_TASK TO CARRY OUT_
Copy, without a single change, each line from the one that holds "看!日本设计师让东京奥运会竞技图标动起来了" to the bottom of the entries below, and drop any pictures.
*****
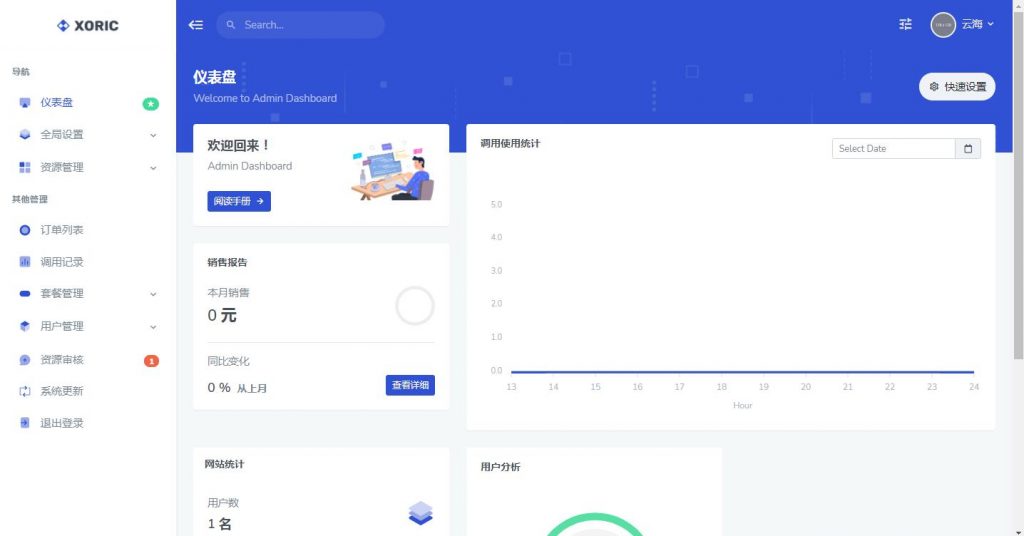 云海解析计费系统VIP视频计费解析系统短视频影视视频电影解析计费平台源码程序-老蔡源码网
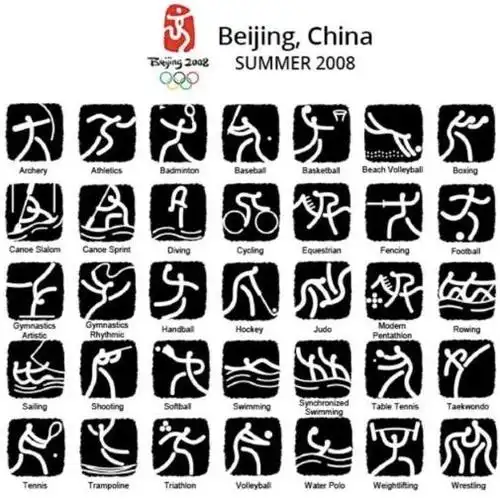 看!日本设计师让东京奥运会竞技图标动起来了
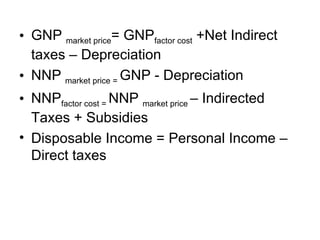 • GNP market price= GNPfactor cost +Net Indirect
  taxes – Depreciation
• NNP market price = GNP - Depreciation
• NNPfactor cost = NNP market price – Indirected
  Taxes + Subsidies
• Disposable Income = Personal Income –
  Direct taxes
 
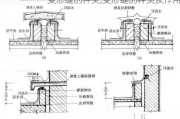 变形缝的种类,变形缝的种类及作用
*****
_SOLUTION FOR THIS EXERCISE_
 看!日本设计师让东京奥运会竞技图标动起来了
 • GNP market price= GNPfactor cost +Net Indirect
  taxes – Depreciation
• NNP market price = GNP - Depreciation
• NNPfactor cost = NNP market price – Indirected
  Taxes + Subsidies
• Disposable Income = Personal Income –
  Direct taxes
 
 变形缝的种类,变形缝的种类及作用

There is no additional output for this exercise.